Applications are once again being taken, meanwhile, as the state's ban on evictions for tenants who have faced a pandemic-related financial hardship is set to expire on Saturday.
The state previously requested an additional $1 billion for the assistance program and received $27 million from the federal government last year. All told, New York has either paid or obligated more than $2 billion in assistance funds.
"Reopening the application portal without additional funding to support the backlog of existing and future applications runs the risk of giving struggling New Yorkers false hope for critical financial relief that — without federal intervention — simply doesn’t exist," said the Office of Temporary and Disability Assistance. "Our appeal to the Treasury represents the latest in our continued and vigorous advocacy for tenants and landlords still reeling from the financial impact of the pandemic."
Gov.

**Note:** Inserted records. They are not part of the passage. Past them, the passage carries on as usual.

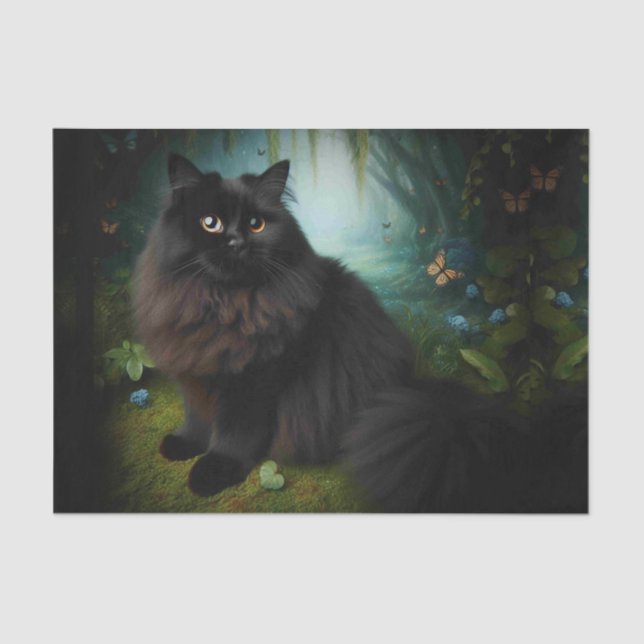 Fluffy Black Cat in Misty Woods Seidenpapier (Vorderseite)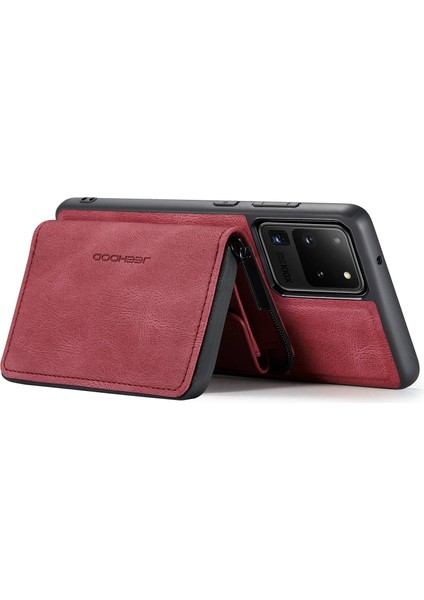 Samsung Galaxy S20 Ultra 4G/S20 Ultra 5g Fermuar Pu Deri Kaplamalı Tpu Kapak Kickstand Söndürülebilir Telefon Kılıfı (Yurt Dışından) fiyatları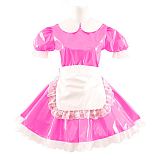 Lady Cute Doll Collar French Maid Mini Club Dress Women Summer Sissy Cosplay Sexy Short Sleeve Patent Leather Dresses with Apron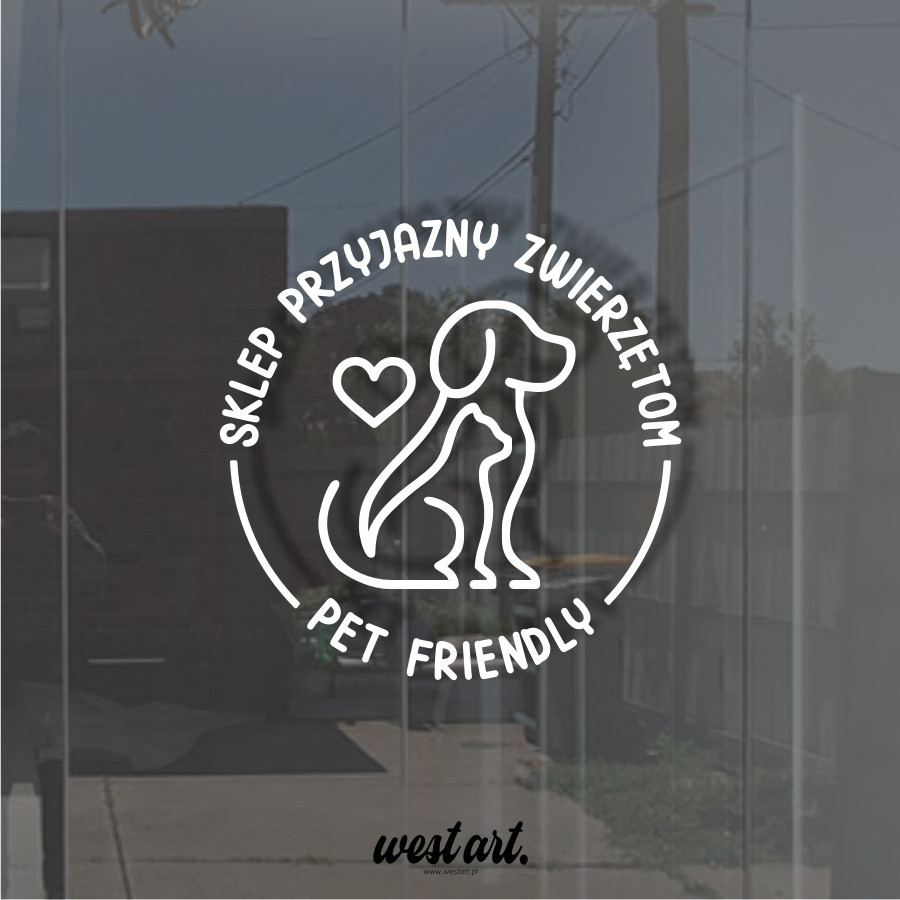 Naklejka na szybę witrynę Sklep Przyjazny Zwierzętom, Naklejki na witrynę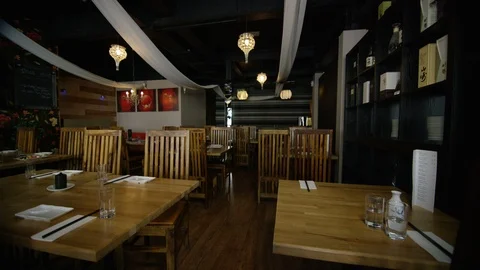 Interior of a Japanese restaurant Stock Footage 107979597
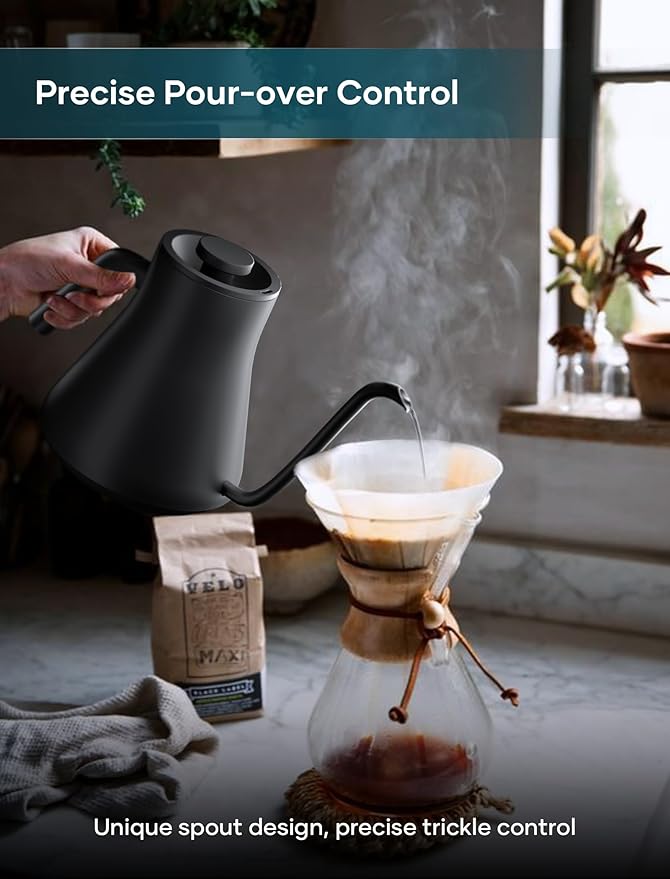 INTASTING Electric Kettles, Gooseneck Electric Kettle, ±1℉ Temperature Control, Stainless Steel Inner, Quick Heating, for Pour Over Coffee, Brew Tea, Boil Hot Water, 0.9L Artisan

Kathy Hochul at a news conference on Tuesday said she was discussing with lawmakers the future of the eviction moratorium, which had previously been extended late last summer after a similar federal ban expired.
Landlords have called for the state ban to be lifted as well, and have urged state officials to take broader approaches to addressing affordable housing issues as well as reopening of all housing courts.
"It's time to end the eviction moratorium and put an end to tenants skipping the rent because there are no repercussions for not paying," said Joseph Strasburg, the president of the Rent Stabilization Association, a trade group that represents 25,000 owners and managers.
Small landlords have also struggled with back taxes and mortgage payments owed during the moratorium.
"The state of emergency was lifted last June, tenants have received billions of dollars in rent relief and other federal and state assistance, and despite COVID variants, the economy continues to rebound with millions of job openings still waiting to be filled," he added. "It's time to end the eviction moratorium and put an end to tenants skipping the rent because there are no repercussions for not paying."